Do not think that this situation has developed solely due to quarantine - sooner or later it would have happened. In the current circumstances, it seems to have pushed you. Be sure to tell yourself, no matter how painful it may be: "Now I have time to go through everything, and there is life ahead to find my man!" Remember - no matter how old you are, if you are alive, then there is still every chance. Yes, on the one hand it is unpleasant, but on the other hand, you have the opportunity to live the life that you really want to have, and it is with the person you want to see next to you (with the same values, with some similar interests and etc.).

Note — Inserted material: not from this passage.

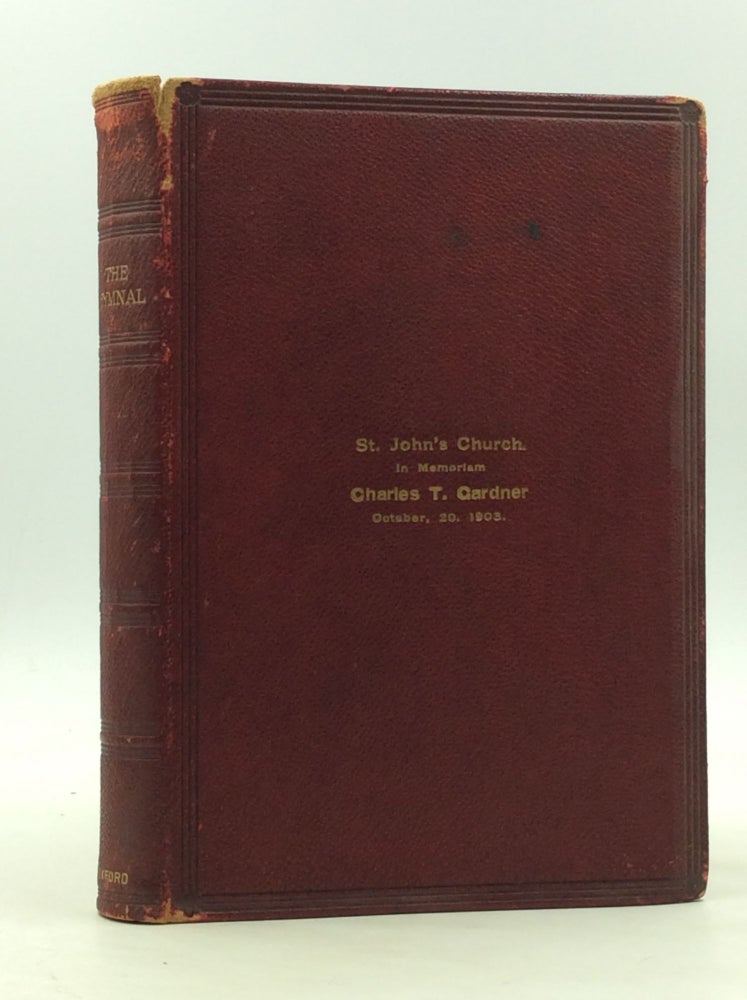 Item #167263 THE HYMNAL Revised and Enlarged: As Adopted by the General Convention of the Protestant Episcopal Church in the United States of America in the Year of Our Lord 1892. Episcopal Church.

  1. Another part of the people found themselves alone during the quarantine period. Previously, when they lived a full social life, went to work, talked with colleagues and friends, it was possible to deny some feeling of loneliness, force it out, hide it under the rug, but now they had to face an unpleasant feeling one-on-one and admit - “Yes, I need a person next to me! More adequate profiles have appeared on dating sites, and you should not be ashamed - try to find a match for yourself, this is a really important and necessary need. If it hurts and hurts you, it is better to understand (if it is very difficult for you, consult a therapist).

  2. Quarantine strips away our masks - and here we are talking not only about ourselves, but also about our environment. How have others helped you cope with difficult emotions, financial turmoil, or even the loss of loved ones? During this period, you could more clearly and clearly notice who your loved one is by spirit, and who can be related only by blood. Perhaps the one you thought was a friend did not show himself so in quarantine. However, there is no need to hang labels and “put an end” on a person - it could be much more difficult for him than for you, because none of us knows who and how life situations are living. Someone is sensitive to any little thing, and someone easily copes with difficult problems - and we cannot compare it, each of us is difficult in our body. Maybe over time you will still be able to connect with your friends and your surroundings, even if now you are deeply disappointed.

Quarantine, like any other crisis, highlights what has long needed to be changed. But like any other crisis, this allows us to change inside, to be reborn like a phoenix, to become better, to effectively use the experience and wisdom gained in our future life.

Believe in the best, work on yourself, turn to therapy - so you can get out of the crisis much easier and more calmly, with a minimum of losses. At the same time, do not be afraid to change jobs, part with a partner, find new relationships. Your psyche will gradually move towards better changes, but do not immediately expect huge results.

Many did not "fall" into the crisis due to the fact that they worked on themselves, so invest first of all in yourself and further, you will have a feeling of stability no matter what is happening around!